Left an orphan at an early age, Walter had lost the gentle influence that parents alone wield. But his uncle Jacob had, as nearly as possible, taken a parent's place. The mineowner resolved to give his nephew an excellent education, and he did so, but great public schools, such as Eton and Harrow were to be avoided as pestilential. The experiment of sending his son to Eton and thence to Cambridge had failed so disastrously that Jacob determined to have Walter educated amongst commoner folks, so the lad began and finished his schooling at a grammar school within easy reach of Torleigh.

Early in his teens Walter was seized with a passion for reading. Books on all sorts of subjects were devoured with avidity, and his studious habits pleased his uncle much, and the mineowner gladly purchased any books his nephew desired. Of his own accord young Gray had adopted the profession of mining engineer, and ere he died Jacob Gray heard his nephew spoken of as a clever and most promising man.

In his early manhood Walter read as much and as eagerly as in his youth. His professional studies had bent his mind towards science, and he assimilated the writings of Darwin, Huxley, Tyndall, and Spencer with the enthusiasm of a proselyte. The daring speculations of these great lights of the scientific firmament filled his mind, and he readily subscribed to many of their opinions. Ever a devout believer from his childhood up he remained a sincere believer still. Scientific knowledge had only exalted his faith.

But the faith of his earlier years was sublimed into a purer and nobler faith. The wonders of the universe were invested with a new and higher wonder, and, though the mysteries of misery, evil, and pain perplexed his understanding, his faith enabled him to discern a light beyond the clouds—a light that was always shining for men to see. The main characteristics of Walter Gray's character were earnestness and honesty of purpose. Much reading of a grave nature had induced hard thinking, and even as he entered manhood Walter had discovered a touchstone wherewith to test his life and actions.

"He that satisfies his conscience in all things satisfies God," was the terse axiom into which Walter had summed up and crystallized the thoughts that dominated his life. To act so that his conscience should never be able to accuse him of wrong was his aim.

It must not be thought from these statements that Walter Gray was one of those disgusting persons who possess a habitually lugubrious visage, and are always preaching of the follies and wickedness of the world. He could laugh as loudly and as heartily at a good joke as any one; he was generous, used harsh words but seldom, and only a few people knew that he ever busied himself with the higher phases of speculative thought. He thought most of the mysteries of the universe when he happened to be rambling alone through the fields at sunset or sunrise. The calm beauty of a summer sunset induces grave thoughts, and the reflective mind turns naturally to ponder the mystery of being and the origin of things at such a time.
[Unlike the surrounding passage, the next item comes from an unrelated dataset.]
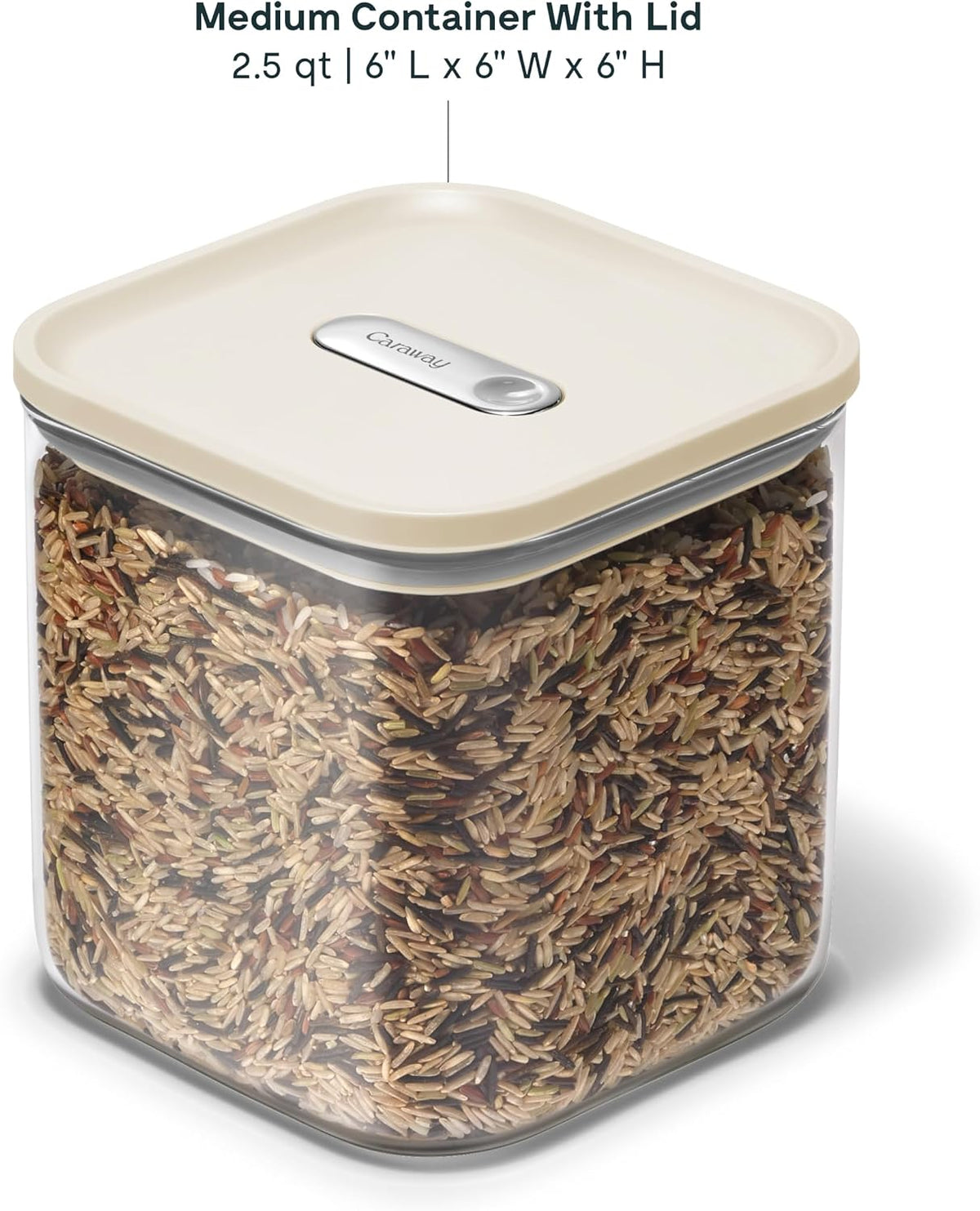 4 qt Glass Airtight Food Storage Container with Lid | Non-Toxic, BPA-Free Kitchen Storage Container, Stackable, Space-Saving Airtight Container for Dry Goods and More, Cream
After his uncle's death, Walter devoted himself assiduously to his professional duties. He never had regarded himself as the probable possessor of the huge sum of money which awaited his cousin's coming—he was quite satisfied with his present position and the work he had undertaken.

About one thousand miners were employed at the Torleigh Collieries—most of the mines were deep, gaseous, and dangerous to work, and Walter Gray resolved to make "Gray's Pits" the safest in the shire. Soon after his uncle's death he commenced this work, descending the pit each day like an ordinary workman, his clear understanding and practical knowledge suggesting many improvements. Incapable officials were got rid of, and efficient men engaged in their stead, no expense or trouble being spared to make the pits as safe as possible.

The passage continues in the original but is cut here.